Holiday Tip #3. Don’t fall prey to all-or-nothing thinking
Just because your diet isn’t quite as healthy as usual or you indulge a little extra during the holidays, it doesn’t make sense to abandon all your healthy habits and restraint. And yet, this is what many of us do. We miss our regular workout and then, perversely, decide we might as well order fries with lunch instead of our usual side salad.
It’s a very curious quirk of human nature. If we’re going down, we’re going down in flames! But I think that’s because we tend to see a healthy lifestyle as an all or nothing thing—you’re either on or off the wagon. Once you’ve fallen off the wagon, you might as well roll all the way into the gutter!
A healthy lifestyle is always a work in progress not an exercise in perfection.

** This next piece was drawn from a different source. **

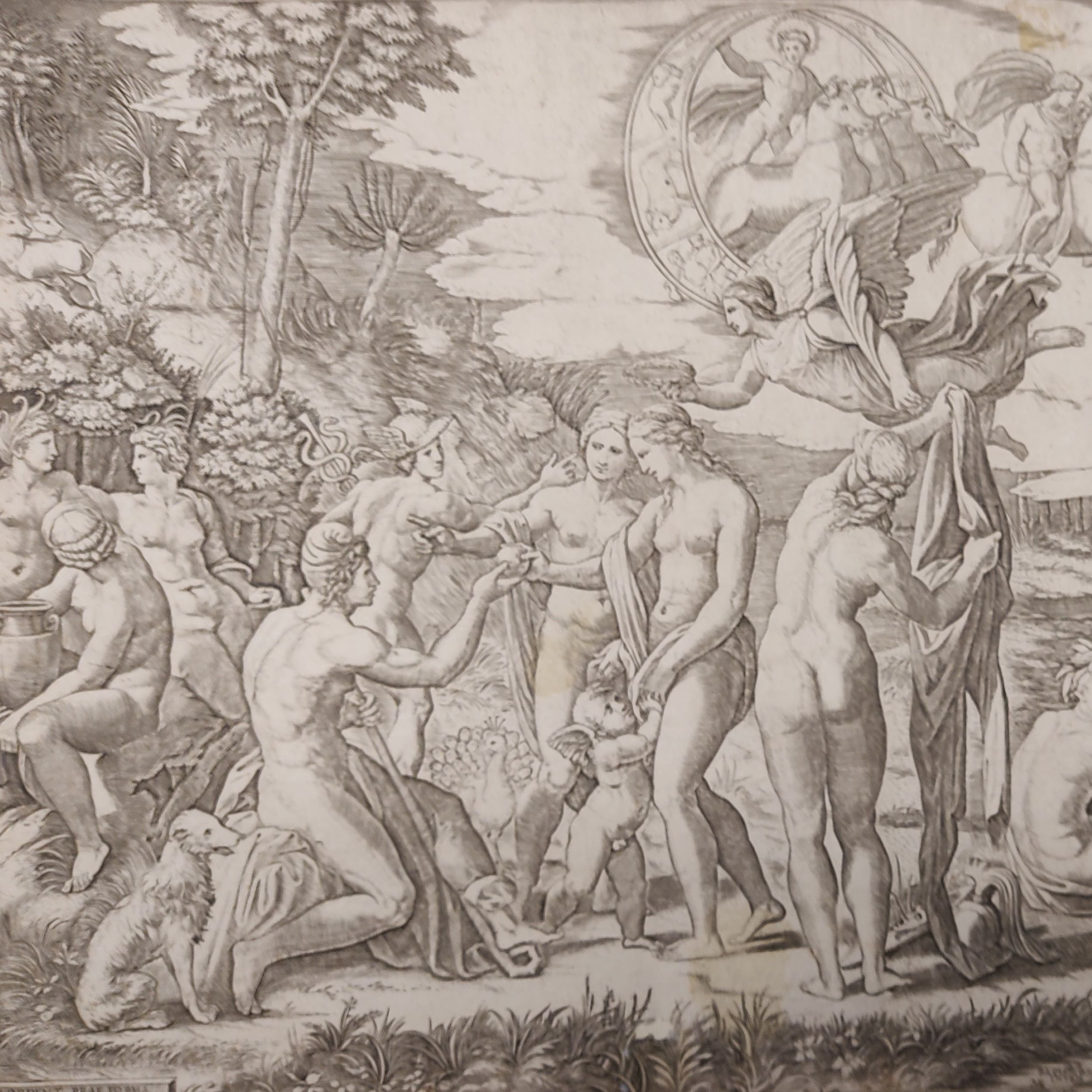 The Judgement of Paris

But of course, that’s not how it really works. A healthy lifestyle is always a work in progress not an exercise in perfection. One misstep doesn’t ruin all of your previous effort, as long as you get back in step. But compounding one misstep by running another mile in the wrong direction? That can start to undo your previous gains.
Another dangerous impulse is to decide somewhere in the middle of December that you’ll turn over a new leaf on January 1st. This somehow gives rise to a fantasy that nothing that happens between now and then really counts, which often leads to even worse excesses.
Even though it may feel like we all get a fresh start on January 1st, the body that you wake up in on New Year’s Day is going to be the same one you spent December in. And the habits and behaviors that you rehearse and reinforce this month are the very ones you will carry into the new year. Why not enter the New Year with some positive momentum instead of having to turn the ship completely around?
So, as we head into the final weeks of the year, remember to be extra choosy about your indulgences, plan your treats for maximum enjoyment, and, when things don’t go according to plan, don’t give in to that black and white thinking.